Once you reach the line that holds "Frontansicht der Elumatec" in the listing below, output it and every line after it through the line that holds "立法院21日舉行全院委員會審", word for word.

**Records supplied:**
____________
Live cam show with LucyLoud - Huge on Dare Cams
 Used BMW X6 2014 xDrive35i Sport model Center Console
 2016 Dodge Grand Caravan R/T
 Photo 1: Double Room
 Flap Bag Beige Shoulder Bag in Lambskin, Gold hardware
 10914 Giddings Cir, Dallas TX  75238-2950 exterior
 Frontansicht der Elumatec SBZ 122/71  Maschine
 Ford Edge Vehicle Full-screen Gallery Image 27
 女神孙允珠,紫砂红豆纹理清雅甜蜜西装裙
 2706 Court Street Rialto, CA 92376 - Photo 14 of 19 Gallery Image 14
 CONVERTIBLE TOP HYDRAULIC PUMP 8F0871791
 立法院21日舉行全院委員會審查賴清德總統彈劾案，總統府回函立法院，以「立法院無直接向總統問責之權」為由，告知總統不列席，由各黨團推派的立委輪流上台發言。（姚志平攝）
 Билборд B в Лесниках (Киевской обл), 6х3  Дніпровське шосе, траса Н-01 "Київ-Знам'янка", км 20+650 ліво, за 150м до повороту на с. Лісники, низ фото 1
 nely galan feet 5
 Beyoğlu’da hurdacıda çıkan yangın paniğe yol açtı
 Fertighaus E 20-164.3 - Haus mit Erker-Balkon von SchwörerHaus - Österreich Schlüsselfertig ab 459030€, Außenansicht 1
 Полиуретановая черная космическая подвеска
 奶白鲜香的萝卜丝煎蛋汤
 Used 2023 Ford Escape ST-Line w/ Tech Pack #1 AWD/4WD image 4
____________
**Answer area:**
 Frontansicht der Elumatec SBZ 122/71  Maschine
 Ford Edge Vehicle Full-screen Gallery Image 27
 女神孙允珠,紫砂红豆纹理清雅甜蜜西装裙
 2706 Court Street Rialto, CA 92376 - Photo 14 of 19 Gallery Image 14
 CONVERTIBLE TOP HYDRAULIC PUMP 8F0871791
 立法院21日舉行全院委員會審查賴清德總統彈劾案，總統府回函立法院，以「立法院無直接向總統問責之權」為由，告知總統不列席，由各黨團推派的立委輪流上台發言。（姚志平攝）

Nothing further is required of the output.